* Extracted data *
++++++++++++++++++++

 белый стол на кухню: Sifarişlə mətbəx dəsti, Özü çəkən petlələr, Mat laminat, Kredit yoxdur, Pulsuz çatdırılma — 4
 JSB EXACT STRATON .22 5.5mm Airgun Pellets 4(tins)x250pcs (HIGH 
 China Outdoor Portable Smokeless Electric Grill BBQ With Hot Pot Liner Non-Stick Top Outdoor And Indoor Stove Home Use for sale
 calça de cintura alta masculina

++++++++++++++++++++

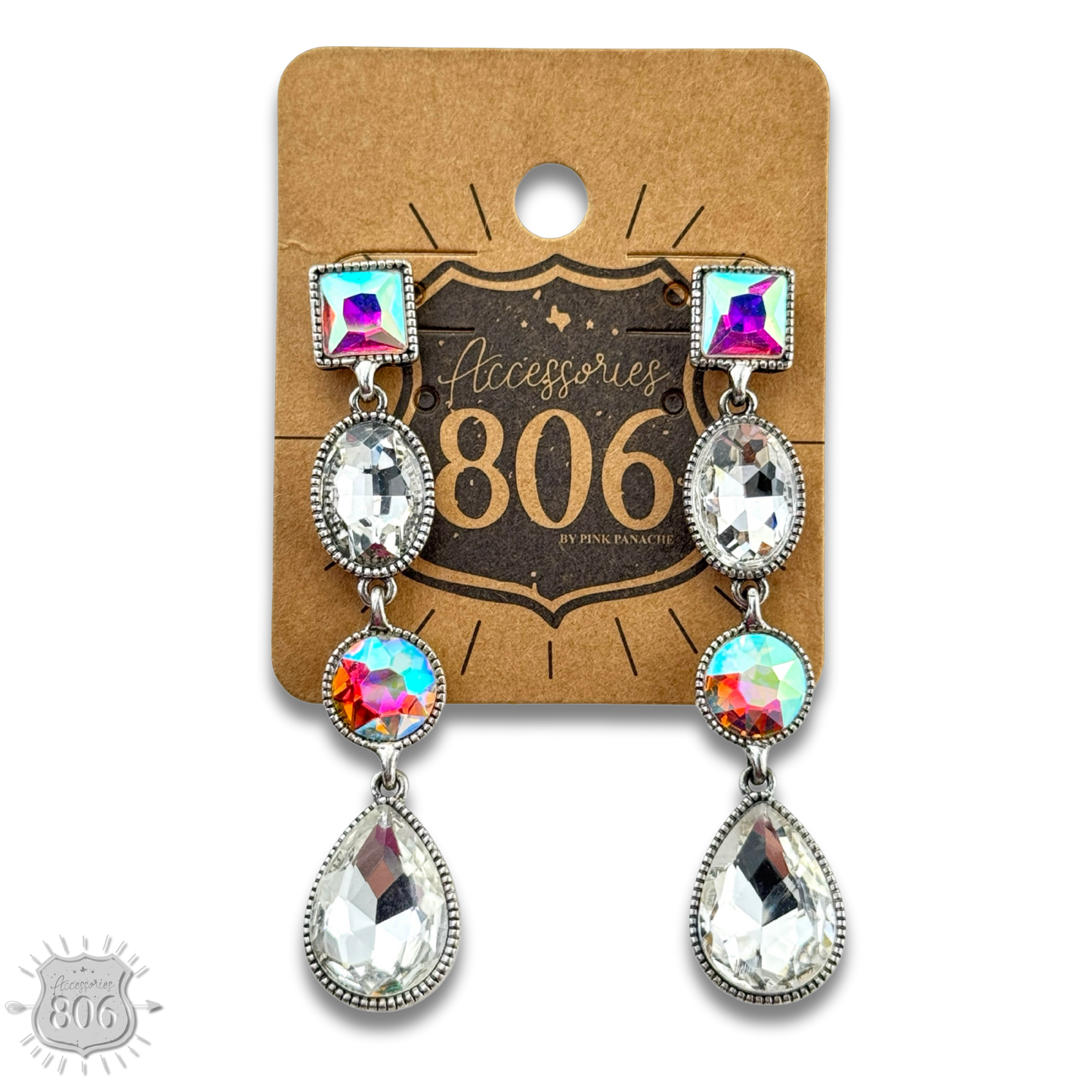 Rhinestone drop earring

++++++++++++++++++++

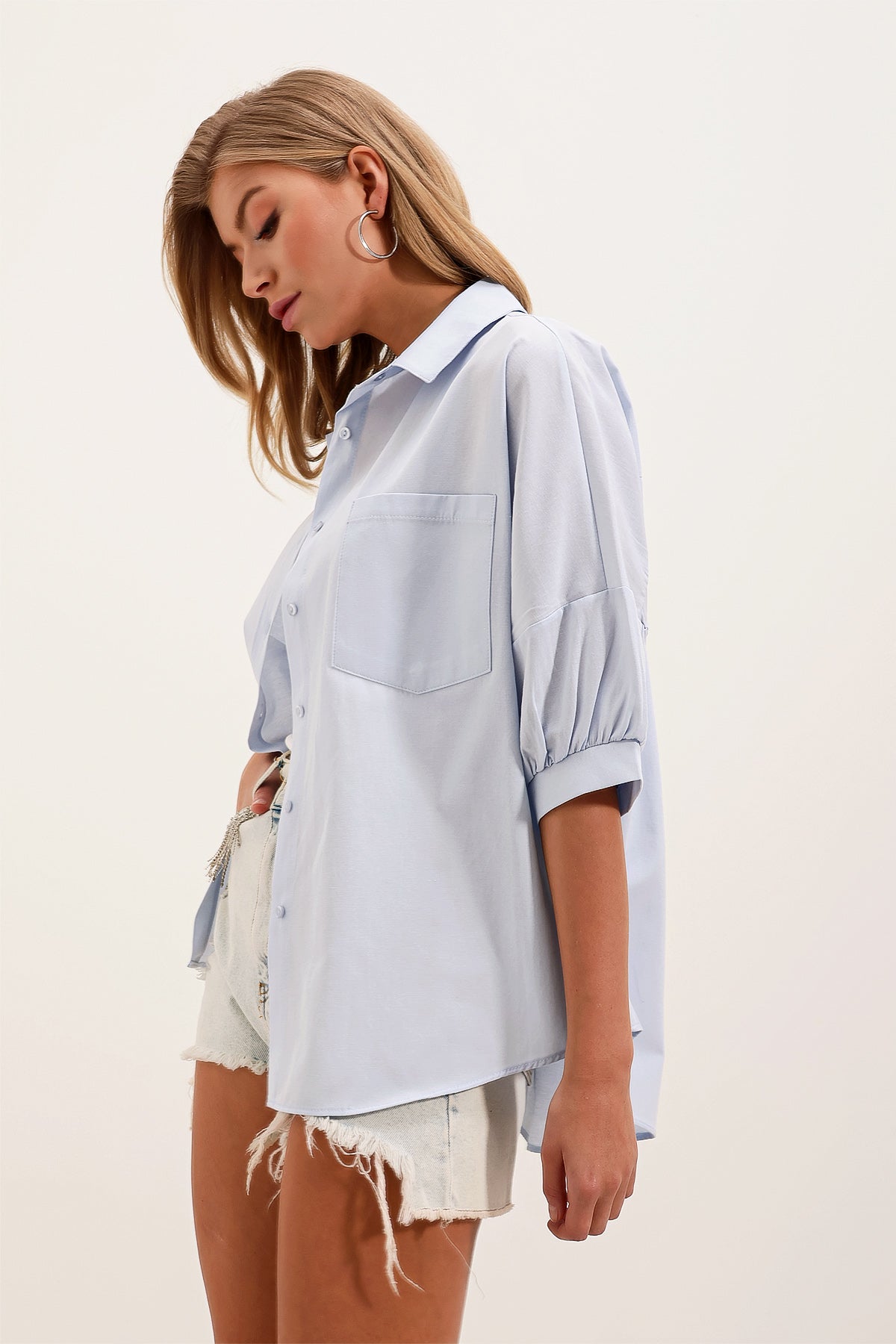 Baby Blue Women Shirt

++++++++++++++++++++

* Exercise objective *
Using the entries above, extract exactly the span from the line with "белый стол на" to the line with "calça de cintura alta masculina", both lines included; leave out everything else.

* The completed task *
 белый стол на кухню: Sifarişlə mətbəx dəsti, Özü çəkən petlələr, Mat laminat, Kredit yoxdur, Pulsuz çatdırılma — 4
 JSB EXACT STRATON .22 5.5mm Airgun Pellets 4(tins)x250pcs (HIGH 
 China Outdoor Portable Smokeless Electric Grill BBQ With Hot Pot Liner Non-Stick Top Outdoor And Indoor Stove Home Use for sale
 calça de cintura alta masculina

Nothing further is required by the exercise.